Modelling nonlinear systems
Thanos Kehagias
kehagias at eng.auth.gr
Thu Mar 18 02:18:56 EST 1993
Regarding J.R. Chen's paper:
I think it is important to define in what sense "modelling" is understtood.
I have not read the Doya paper, but my guess is that it is an approximation
result (rather than exat representation). If it is an approximation
result, the sense of approximation (norm or metric used) is important.
For instance: in the stochastic context, there is a well known statistical
theorem, the Wold theorem, which says that every continuous valued, finite
second moment, stochastic process can be approximated by ARMA models. The
models are (as one would expect) of increasing order (finite but unbounded).

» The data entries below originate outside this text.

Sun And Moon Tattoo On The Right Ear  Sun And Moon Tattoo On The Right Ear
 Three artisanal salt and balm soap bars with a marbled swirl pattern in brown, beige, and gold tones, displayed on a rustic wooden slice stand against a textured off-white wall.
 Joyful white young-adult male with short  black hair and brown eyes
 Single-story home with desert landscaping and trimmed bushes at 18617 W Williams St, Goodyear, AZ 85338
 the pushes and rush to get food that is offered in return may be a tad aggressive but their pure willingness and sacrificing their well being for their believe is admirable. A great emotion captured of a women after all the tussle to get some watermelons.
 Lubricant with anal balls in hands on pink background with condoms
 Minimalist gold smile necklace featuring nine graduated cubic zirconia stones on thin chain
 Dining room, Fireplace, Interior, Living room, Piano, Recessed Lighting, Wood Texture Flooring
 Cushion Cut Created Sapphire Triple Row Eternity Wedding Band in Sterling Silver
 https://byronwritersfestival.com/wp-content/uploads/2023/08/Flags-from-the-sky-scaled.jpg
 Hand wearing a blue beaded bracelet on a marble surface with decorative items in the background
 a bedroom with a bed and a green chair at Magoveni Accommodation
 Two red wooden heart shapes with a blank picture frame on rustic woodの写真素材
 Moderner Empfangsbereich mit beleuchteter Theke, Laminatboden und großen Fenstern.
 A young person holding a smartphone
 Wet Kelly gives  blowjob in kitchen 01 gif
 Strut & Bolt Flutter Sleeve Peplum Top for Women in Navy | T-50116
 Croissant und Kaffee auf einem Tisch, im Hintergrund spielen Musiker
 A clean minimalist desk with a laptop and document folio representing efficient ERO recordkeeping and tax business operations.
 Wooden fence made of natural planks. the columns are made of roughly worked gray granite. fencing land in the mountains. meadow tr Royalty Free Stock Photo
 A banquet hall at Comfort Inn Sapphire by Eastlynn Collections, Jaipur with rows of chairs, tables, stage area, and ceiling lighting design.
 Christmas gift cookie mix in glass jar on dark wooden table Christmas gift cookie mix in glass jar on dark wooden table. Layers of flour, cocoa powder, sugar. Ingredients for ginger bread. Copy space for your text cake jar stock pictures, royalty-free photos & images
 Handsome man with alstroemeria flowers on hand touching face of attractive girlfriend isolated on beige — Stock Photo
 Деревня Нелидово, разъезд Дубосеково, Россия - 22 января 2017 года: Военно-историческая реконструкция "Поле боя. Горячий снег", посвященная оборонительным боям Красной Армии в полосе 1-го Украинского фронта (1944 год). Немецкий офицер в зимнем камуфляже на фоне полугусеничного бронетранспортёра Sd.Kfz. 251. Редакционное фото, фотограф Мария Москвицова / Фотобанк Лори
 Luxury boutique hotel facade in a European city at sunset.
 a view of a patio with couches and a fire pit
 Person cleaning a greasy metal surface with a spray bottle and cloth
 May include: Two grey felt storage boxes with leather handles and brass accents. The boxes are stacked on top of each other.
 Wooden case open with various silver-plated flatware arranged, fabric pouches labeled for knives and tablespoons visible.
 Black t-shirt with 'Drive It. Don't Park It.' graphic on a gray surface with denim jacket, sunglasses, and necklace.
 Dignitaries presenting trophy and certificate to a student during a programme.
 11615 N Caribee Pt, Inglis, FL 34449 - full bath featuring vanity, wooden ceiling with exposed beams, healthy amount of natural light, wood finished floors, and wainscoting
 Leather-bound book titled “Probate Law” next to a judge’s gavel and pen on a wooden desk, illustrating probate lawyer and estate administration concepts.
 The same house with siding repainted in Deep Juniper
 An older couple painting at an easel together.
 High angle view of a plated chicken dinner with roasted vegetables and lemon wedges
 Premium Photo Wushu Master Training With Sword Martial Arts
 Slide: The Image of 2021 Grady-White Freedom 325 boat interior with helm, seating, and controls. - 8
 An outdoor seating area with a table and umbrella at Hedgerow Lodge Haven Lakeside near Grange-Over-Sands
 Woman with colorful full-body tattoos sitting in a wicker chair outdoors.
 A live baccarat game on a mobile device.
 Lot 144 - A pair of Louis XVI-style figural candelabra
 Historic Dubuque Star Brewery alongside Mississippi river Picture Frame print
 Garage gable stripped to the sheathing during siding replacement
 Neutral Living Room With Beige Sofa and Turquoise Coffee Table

The approximation is in the L2 sense (l.i.m., limit in the mean), that is
E([X-X_n]^2) goes to 0, where X is the original process and X_n, n=1,2, ... is
the approximating ARMA process. I expect this can also handle stochastic input/
output processes, if the input output pair (X,U) is considered as a joint
process.
I have proved a similar result in my thesis about approximating finite state
stoch. processes with Hidden Markov Models. The approximation is in two senses:
weak (approximation of measures) and cross entropy. Since for every HMM it is
easy to build an output equivalent network of finite automata, this gets really close to the notion of recurrent networks with sigmoid neurons.
Of course this
is all for stochastic networks/ probabilistic processes. In the deterministic
case one would probably be interested in a different sense of approximation,
e.g. L2 or L-infinity approximation.
Is the Doya paper in the ohio archive?